* [Try it]
Transcribe the lines below exactly, beginning with the line that holds "X0000080120108200612151723" and ending with the final line, both included. Pictures are to be left out.

* [Information provided]
* * * * * * * * *

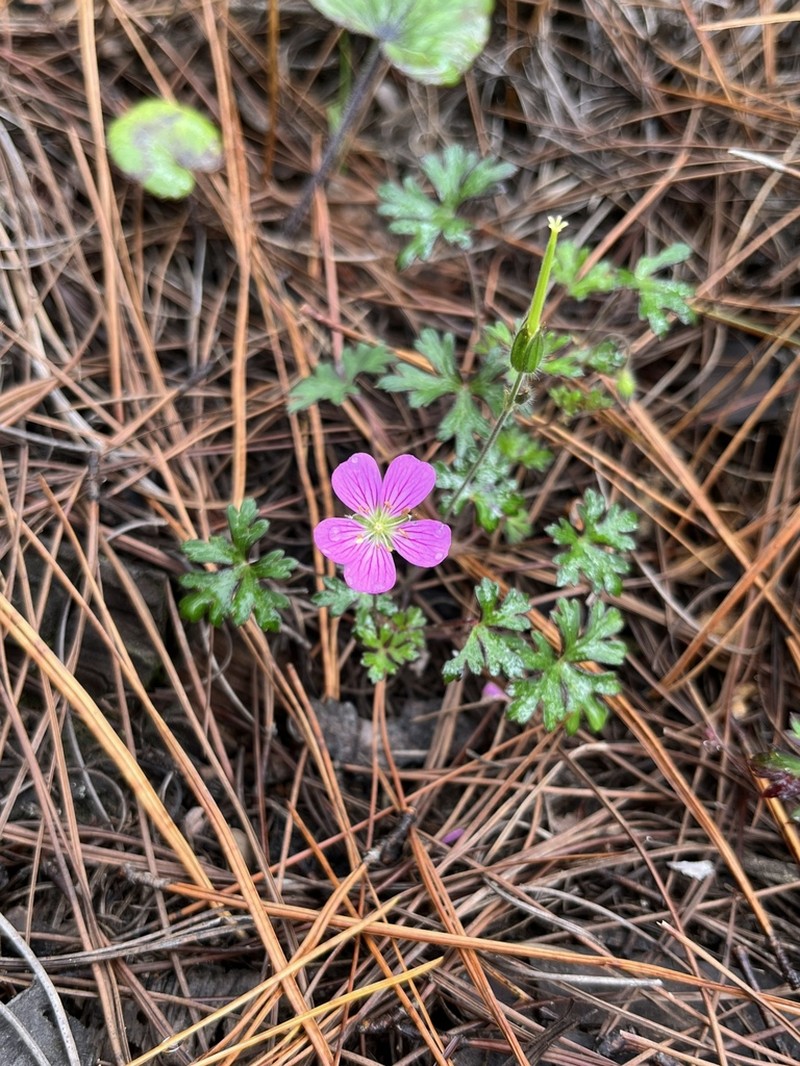Geranium strictipes photo 2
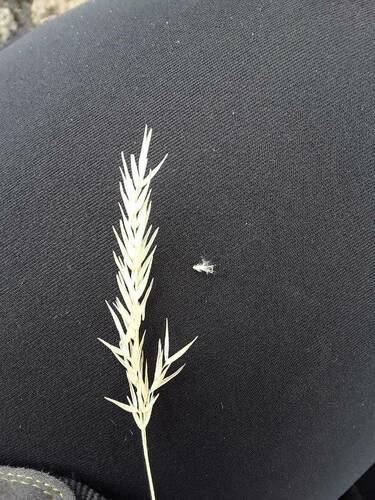 Rytidosperma biannulare observed 2023-09-28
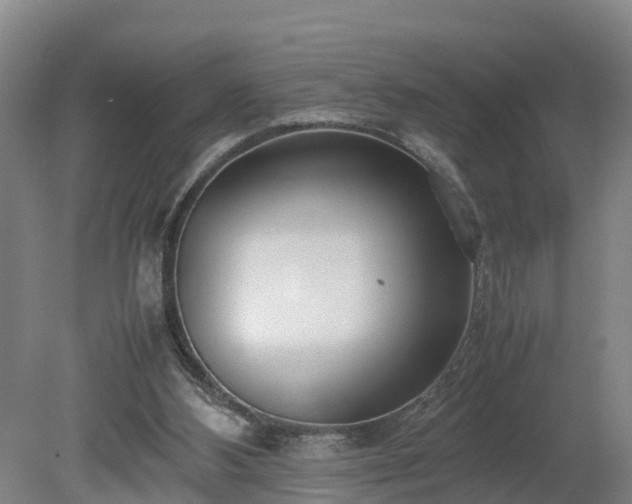 X0000080120108200612151723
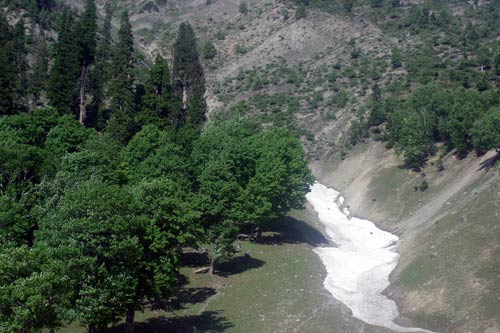 इन गर्मियों में सैर करें 'जन्नत' की... | देखें दार्जीलिंग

* * * * * * * * *

* [Result for this task]
 X0000080120108200612151723
 इन गर्मियों में सैर करें 'जन्नत' की... | देखें दार्जीलिंग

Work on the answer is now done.